Another credit to Johnston’s team is that they specialize in buttercream.
“I would say that 90% of our cakes are ice cream with melting accents. We get our cakes as elegant as a fondant but with buttercream to the fullest that other people like anyway. The other groups used the maximum of the entire fondant.
They had 3 hours to compete and had accumulated 20 more minutes in the last rounds. It sounds long, but baking a 3-foot cake, cooling, making the icing and fondant, designing and completing the elements takes a long time. They finished with two minutes on the clock.
To cool the cakes, they used amplifiers that are set to -25 degrees.
“You put your cake there and it gets cold in about two minutes,” he says.
They won the first prize of $10,000 plus the $1,500 of the previous round. Cash is collected up to 90 days after the exhibition is broadcast in October.
“We have another baby on the way, so he’ll do it with those expenses and we’ll put some back in the bakery,” he said.
The couple returned home in early March, just in time for the coronavirus pandemic and faced challenges.
They participated in the series going on air, especially when they continued to play the manufacturers and heard something in return.

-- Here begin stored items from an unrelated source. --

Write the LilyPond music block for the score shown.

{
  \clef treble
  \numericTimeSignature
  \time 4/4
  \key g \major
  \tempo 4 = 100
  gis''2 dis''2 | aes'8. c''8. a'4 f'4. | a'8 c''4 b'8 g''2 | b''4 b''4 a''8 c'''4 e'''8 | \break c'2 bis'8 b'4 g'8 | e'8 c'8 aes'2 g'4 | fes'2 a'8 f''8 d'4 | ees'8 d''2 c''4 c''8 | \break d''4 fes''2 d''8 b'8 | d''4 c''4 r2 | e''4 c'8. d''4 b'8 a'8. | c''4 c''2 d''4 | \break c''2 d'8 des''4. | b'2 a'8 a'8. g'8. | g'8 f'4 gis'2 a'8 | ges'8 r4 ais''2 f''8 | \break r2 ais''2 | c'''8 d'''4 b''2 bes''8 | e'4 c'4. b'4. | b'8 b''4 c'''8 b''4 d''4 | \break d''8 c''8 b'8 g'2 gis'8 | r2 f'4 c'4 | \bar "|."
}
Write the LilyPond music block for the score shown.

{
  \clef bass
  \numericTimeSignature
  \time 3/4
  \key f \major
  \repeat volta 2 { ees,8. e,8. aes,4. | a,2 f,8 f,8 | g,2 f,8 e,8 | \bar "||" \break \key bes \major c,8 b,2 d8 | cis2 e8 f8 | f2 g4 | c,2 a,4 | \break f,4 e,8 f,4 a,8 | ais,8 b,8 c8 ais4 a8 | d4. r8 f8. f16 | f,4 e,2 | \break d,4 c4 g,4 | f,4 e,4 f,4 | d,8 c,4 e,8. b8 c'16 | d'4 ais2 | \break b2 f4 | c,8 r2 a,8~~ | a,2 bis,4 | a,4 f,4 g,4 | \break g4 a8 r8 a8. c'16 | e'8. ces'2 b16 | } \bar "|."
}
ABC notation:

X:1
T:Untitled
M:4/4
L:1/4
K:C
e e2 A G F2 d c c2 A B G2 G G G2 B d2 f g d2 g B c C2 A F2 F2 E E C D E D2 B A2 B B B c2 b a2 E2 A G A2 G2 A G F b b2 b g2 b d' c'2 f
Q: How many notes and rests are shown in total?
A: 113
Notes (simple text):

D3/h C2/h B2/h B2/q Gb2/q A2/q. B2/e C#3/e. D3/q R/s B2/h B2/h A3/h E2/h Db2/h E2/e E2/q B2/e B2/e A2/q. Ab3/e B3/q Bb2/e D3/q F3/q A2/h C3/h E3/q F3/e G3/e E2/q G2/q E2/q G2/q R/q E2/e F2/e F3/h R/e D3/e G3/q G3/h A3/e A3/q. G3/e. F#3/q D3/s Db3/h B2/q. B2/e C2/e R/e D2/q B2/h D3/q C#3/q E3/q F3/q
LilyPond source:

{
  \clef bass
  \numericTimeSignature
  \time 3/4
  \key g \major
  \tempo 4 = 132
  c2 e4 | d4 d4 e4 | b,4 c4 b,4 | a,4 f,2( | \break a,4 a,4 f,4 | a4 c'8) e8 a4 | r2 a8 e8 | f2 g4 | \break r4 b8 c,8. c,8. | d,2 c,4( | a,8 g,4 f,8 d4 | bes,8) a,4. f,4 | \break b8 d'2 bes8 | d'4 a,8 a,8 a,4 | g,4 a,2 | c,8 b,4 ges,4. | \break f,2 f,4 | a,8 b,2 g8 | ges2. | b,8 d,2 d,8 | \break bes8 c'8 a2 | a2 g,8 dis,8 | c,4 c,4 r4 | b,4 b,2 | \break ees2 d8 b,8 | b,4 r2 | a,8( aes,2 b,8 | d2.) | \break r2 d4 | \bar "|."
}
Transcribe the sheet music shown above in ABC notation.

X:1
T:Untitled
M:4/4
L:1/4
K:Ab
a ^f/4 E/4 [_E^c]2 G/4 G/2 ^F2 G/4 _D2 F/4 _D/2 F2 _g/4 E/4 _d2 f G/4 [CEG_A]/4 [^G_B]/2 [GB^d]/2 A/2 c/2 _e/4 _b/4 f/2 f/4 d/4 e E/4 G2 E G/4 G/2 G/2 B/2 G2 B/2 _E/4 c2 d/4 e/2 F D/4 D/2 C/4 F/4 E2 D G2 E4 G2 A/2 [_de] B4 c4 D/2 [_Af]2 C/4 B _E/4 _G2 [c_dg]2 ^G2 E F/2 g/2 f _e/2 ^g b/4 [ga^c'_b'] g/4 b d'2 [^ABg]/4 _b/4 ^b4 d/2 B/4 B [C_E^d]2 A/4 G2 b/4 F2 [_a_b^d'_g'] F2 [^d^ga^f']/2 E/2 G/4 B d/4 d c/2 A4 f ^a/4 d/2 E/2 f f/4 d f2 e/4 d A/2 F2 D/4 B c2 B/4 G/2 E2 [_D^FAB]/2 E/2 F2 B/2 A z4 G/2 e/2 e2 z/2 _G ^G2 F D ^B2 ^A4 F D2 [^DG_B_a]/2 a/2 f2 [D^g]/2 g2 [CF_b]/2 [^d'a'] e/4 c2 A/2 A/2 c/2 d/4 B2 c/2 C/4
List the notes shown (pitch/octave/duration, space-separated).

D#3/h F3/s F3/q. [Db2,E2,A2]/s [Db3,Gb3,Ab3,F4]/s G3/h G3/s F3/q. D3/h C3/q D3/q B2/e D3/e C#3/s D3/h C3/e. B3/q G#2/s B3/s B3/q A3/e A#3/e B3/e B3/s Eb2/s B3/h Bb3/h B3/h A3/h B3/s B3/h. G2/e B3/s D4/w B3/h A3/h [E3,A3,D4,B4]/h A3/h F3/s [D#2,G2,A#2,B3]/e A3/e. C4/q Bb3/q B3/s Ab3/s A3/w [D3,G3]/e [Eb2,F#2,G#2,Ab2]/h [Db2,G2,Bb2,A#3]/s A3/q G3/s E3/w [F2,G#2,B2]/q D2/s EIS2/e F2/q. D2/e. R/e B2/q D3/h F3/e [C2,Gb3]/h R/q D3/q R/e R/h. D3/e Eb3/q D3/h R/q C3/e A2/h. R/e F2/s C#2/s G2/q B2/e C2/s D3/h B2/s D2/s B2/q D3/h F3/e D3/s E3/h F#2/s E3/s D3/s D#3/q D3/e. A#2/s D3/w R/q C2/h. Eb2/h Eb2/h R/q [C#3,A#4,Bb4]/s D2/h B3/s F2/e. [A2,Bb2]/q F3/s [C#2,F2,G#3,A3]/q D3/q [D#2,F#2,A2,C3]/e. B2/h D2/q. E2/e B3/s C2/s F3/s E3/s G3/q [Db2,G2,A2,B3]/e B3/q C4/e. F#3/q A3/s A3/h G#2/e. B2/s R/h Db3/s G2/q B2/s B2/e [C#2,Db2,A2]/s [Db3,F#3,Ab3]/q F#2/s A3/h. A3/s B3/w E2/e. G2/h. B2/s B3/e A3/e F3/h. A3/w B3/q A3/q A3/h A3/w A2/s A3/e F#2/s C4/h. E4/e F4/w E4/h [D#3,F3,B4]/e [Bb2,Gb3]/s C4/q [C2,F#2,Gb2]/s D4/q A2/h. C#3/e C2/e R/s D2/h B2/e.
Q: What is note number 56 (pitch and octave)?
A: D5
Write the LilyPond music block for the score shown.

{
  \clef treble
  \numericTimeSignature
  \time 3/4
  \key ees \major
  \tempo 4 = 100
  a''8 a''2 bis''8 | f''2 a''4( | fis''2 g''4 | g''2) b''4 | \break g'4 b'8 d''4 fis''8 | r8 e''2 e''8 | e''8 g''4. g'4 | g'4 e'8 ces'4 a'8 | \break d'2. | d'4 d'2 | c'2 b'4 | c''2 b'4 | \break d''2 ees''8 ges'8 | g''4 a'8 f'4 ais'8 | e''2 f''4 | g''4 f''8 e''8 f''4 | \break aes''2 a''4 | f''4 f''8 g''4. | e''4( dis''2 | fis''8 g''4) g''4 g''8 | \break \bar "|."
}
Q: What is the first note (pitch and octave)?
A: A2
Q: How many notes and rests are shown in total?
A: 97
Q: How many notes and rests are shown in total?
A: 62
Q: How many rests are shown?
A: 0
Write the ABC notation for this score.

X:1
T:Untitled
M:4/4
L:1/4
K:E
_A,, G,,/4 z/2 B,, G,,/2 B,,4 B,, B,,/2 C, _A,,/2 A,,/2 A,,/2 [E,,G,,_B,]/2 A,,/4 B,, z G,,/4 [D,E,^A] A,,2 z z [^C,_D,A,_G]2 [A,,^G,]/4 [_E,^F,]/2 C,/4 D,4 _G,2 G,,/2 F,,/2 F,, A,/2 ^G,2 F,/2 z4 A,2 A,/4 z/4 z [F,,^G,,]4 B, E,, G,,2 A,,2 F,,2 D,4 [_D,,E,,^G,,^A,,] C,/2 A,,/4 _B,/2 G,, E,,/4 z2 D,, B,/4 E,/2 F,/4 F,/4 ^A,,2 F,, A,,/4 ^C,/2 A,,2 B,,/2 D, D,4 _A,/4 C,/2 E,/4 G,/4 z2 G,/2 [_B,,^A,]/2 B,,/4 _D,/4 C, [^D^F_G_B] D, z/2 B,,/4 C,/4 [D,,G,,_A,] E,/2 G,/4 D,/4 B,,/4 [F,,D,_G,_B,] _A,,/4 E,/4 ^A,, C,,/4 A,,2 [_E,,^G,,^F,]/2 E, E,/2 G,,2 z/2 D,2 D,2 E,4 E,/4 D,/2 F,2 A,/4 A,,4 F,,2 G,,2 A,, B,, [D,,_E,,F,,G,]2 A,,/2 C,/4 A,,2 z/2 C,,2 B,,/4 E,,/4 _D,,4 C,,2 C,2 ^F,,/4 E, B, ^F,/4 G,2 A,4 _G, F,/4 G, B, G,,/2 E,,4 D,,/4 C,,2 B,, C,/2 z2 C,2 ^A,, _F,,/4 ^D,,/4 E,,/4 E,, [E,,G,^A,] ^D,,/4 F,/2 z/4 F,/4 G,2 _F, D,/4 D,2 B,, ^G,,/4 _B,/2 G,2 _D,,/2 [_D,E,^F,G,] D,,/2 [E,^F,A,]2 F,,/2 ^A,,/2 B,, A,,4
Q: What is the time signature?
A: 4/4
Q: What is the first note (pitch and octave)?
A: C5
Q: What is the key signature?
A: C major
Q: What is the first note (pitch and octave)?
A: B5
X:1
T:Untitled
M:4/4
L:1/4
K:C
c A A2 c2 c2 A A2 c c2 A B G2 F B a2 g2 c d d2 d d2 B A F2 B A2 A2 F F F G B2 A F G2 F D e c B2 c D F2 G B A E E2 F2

“We didn’t even sit up until the week before its launch,” he said.
They adapted to the stage turning their business style into street delivery and survived the first few months and are now busier than ever.
Each week, they produce more than 60 traditional cakes and also maintain a shop at the front of the store full of sweets.
The couple bought the business in 2016 and plans to expand to a location in the future.
To watch the episode, move to Sugar Rush from Netflix’s extra sweet season 3 and episode 3, The Perfect Illusion to Watch the Couple’s Victory.